父さんは身に着ける神具ということで“魔力増強”や“身体能力の向上”といった独自の解釈をしたんだ。
(ありがとう、父さん。戦わなくても、父さんは僕のことを、世界の人々を守ってくれたよ)
『ユウト君、もうひと踏ん張りだよ!』
『このまま耐え続けるんだ!!』
「アヤさん……フューラー先輩……」
ふたりの幻影が僕の目の前に現れる。
『ユウト! 行け!!』
『ユウト! 持ちこたえてくれ!!』
「シャルロットさん、クラウスさん……」
(もう、二人のところへは戻れないだろう)
そう確信していた。
その証拠にアヤさんとフューラー先輩は悲しそうな顔をしている。
『ユウト君!』
アヤさん、やっぱり僕は君のことが好きだったよ。
『ユウト!』
フューラー先輩、いつかあなたみたいな人になりたかった。
『ユウト!』
クラウスさん、どうかクララさんを支えてあげてください。
『ユウト!!』
シャルロットさん、ありがとう。

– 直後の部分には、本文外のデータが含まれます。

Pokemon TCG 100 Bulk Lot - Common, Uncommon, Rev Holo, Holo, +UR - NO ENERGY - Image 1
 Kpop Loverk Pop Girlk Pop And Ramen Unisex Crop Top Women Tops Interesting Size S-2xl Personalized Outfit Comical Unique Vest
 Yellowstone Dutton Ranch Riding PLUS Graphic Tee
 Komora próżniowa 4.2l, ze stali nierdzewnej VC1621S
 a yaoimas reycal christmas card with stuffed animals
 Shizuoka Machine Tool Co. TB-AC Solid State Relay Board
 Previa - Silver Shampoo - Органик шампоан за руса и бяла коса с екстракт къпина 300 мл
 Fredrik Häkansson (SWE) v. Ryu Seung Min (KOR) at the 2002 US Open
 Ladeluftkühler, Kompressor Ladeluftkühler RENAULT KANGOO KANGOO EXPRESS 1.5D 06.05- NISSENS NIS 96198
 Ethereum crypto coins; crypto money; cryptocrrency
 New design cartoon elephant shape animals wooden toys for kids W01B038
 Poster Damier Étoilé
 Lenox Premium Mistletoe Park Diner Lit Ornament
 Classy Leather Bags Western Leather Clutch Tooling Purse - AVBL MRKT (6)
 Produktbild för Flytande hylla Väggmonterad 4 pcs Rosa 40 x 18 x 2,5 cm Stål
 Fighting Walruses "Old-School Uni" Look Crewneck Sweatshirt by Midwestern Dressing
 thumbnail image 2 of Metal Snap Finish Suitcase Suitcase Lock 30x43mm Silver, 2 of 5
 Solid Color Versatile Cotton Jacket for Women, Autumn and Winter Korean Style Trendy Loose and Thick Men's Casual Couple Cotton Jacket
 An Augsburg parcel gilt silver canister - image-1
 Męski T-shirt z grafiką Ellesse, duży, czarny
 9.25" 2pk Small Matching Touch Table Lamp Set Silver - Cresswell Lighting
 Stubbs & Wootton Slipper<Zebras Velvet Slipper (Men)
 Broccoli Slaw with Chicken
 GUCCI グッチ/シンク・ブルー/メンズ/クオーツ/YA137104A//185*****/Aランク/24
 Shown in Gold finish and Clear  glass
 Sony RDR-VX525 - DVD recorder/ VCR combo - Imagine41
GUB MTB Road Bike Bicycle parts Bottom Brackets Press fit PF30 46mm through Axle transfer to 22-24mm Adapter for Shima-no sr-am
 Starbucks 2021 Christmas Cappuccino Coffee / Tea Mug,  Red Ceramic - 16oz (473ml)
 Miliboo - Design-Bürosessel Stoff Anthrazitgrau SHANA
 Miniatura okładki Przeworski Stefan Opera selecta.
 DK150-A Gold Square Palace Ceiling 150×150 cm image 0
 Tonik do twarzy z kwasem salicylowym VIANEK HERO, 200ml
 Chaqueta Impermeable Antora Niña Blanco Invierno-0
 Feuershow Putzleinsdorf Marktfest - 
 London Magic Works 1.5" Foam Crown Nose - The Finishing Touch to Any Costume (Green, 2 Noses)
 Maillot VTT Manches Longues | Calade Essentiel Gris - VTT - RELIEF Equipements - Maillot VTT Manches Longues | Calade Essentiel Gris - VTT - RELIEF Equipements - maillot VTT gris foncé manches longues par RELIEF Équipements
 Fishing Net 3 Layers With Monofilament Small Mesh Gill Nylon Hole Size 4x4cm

あなたのやさしさを僕は忘れない。
「うおおおおおおおおおおおおお!!」
巨大な鏡がレーザーを霧散させる。
『終わったな』
『お疲れ様、ユウト君』
アヤさんが手を伸ばす。
彼女はどこか泣きそうな顔をしていた。
「アヤさん……」
『行こ。もう、全部終わったよ』
僕は、その手を取った。
* * * * *
「ユウト!!」
シャルロットはCSのコックピットから出ると直立不動の体勢のまま動かないヤマトに向かって走った。
「シャルロット、待って!」
「止めるな!!」
「今のヤマトに触れればただじゃすまないよ!」
「ユウトが中にいるんだ!!」
「だからといって、行かせるわけないだろう!!」
「じゃあどうしろと!!」
シャルロットが大きな声を出す。
こらえきれないといった様子で、いまにも走り出しそうだ。
「もうじき予備のCSがある輸送機が迎えに来てくれる。それからだ」
「くっ……!」
シャルロットは空をにらむ。
まだ、輸送機が来るまで時間がかかりそうだった。
* * * * *
「戦争が終わった……」
ユウトが“サタン”の攻撃を防いだおかげで、エクレイアには何の被害も出ていなかった。
「ユウトが……この国を守ってくれたのね……」
クララは感慨深く、そうつぶやく。
ただ、その表情は嬉しさというより、ただ悲しみに満ちていた。
* * * * *
「そうか。お前は……」
開け放たれたヤマトのコックピットに点在する血。
そしてシートに座ったまま動かない、ユウトをシャルロットは見つめていた。
「お前は最後まで、戦い抜いたんだな……」
ぽろぽろとシャルロットの目から涙がこぼれる。
「誰かのために……自分の命を懸けて……お前は生きたんだ」
シャルロットはヤマトのコックピットに座るユウトの体を抱きしめると、大きな声を上げて泣いた。
こうして、全軍合わせた戦死者800名という異例の少なさで第3次世界大戦は終結した。
その陰には戦いによって命を失い、世界にその名を知られることなく、その生涯を終えたコンストラクターと呼ばれる人々がいた。
深い悲しみだけが、戦いの場に残っていた。